Optimizing FANET Lifetime for 5G Softwarized Network Provisioning

Recently, Flying Ad Hoc Networks (FANET) have been proposed to empower 5G networks to support complex missions and provide ubiquitous connectivity to heterogeneous devices. However, it is needed to cope with the limited UAV capabilities (e.g., limited available energy to supply engines and computing elements, limited computing capabilities), as well as with the need to provide network and application services as foreseen in highly dynamic and time varying 5G ecosystems. This paper presents for the first time a comprehensive framework that integrates a FANET with a 5G network, with the aim of providing services that can be even chained with each other. This model is comprehensive in the sense that it takes into account physical constraints of the devices, as well as features and requirements of traffic flows. For this framework, the paper proposes a mathematical optimization model, allowing Virtual Function (VF) placement and chaining, aimed at minimizing energy consumption and service unsatisfaction probabilities of the FANET as a whole without employing heuristics for the solution of the problem.

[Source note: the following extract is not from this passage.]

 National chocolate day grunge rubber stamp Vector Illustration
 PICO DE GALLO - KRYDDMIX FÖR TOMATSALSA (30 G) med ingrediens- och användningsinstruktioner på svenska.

Two placement strategies named MLP and WMP are introduced and compared with the standard placement strategy named NoShP. An extensive numerical analysis shows that MLP and WMP allow us to well catch network dynamics and to reduce the number of virtual functions needed while decreasing the power consumption, so increasing UAV flight time and network lifetime.

Automated summary

This paper proposes a comprehensive framework that integrates FANET with a 5G network, aiming to provide interconnected services. Through a mathematical optimization model and two placement strategies, energy consumption can be minimized, leading to increased UAV flight time and network lifetime.